On p.112-113 of volume 10-1 of Gauss's werke, which contain an unpublished fragment dated to 1805, Gauss states some results on cubic and biquadratic "Gaussian periods" in a trigonometric form. Here is a Google translation of this fragment:
Cubic: Let $4p = a^2+27b^2$, so that: $\frac{a}{\sqrt{4p}} = cos\varphi, \frac{b\sqrt{27}}{\sqrt{4p}} = sin\varphi$. Then the period of order $\frac{1}{3}(p-1)$ is: $$-\frac{1}{3}+\frac{2}{3}cos\frac{1}{3}\varphi \sqrt{p}$$ Biquadratic: Let $p = a^2+4b^2$, so that: $\frac{a}{\sqrt{p}} = cos\varphi, \frac{2b}{\sqrt{p}} = sin\varphi$. Then the period of order $\frac{1}{4}(p-1)$ is: $$-\frac{1}{4}+\frac{1}{4}\sqrt{p}+\frac{1}{2}\sqrt{p}\cdot cos\frac{1}{2}\varphi = \prod$$, and: $${\prod}^0 + i\prod'-\prod''- i\prod''' = \sqrt{p}\cdot (\frac{a+b\sqrt{-4}}{a-b\sqrt{-4}})^{\frac{1}{4}}$$
Just to make things clearer: $p$ is a prime number, and Bachmann (the commentor on Gauss's number theoretical works) remarked that the result for the cubic case is connected to article 358 of Gauss's Disquisitions Arithmeticae.

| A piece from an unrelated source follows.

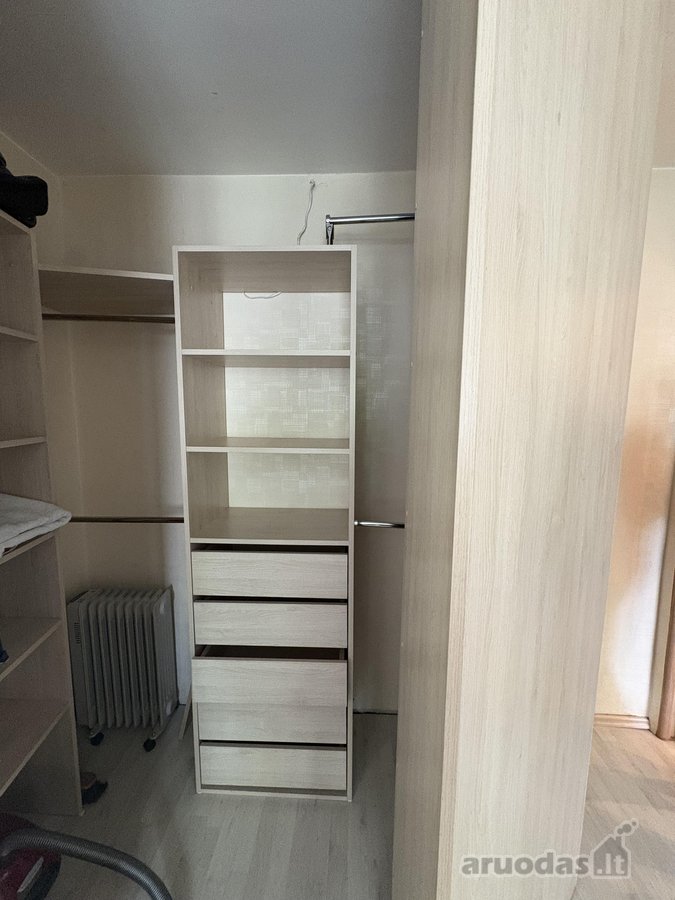 Išnuomojamas tvarkingas dviejų kambarių butas - nuotraukos Nr. 5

I believe that, except the last result, the trigonometric form of the cubic and biquadratic "Gaussian periods" can be explained by someone who is familiar with the theory of Gauss sums. However, the last result is unclear since Gauss doesn't define ${\prod}^0, \prod',\prod'',\prod'''$. Therefore, the first priority in considering this question is explaining the meaning of those symbols. In addition, any useful comment about the trigonometric form of the Gaussian periods will be blessed!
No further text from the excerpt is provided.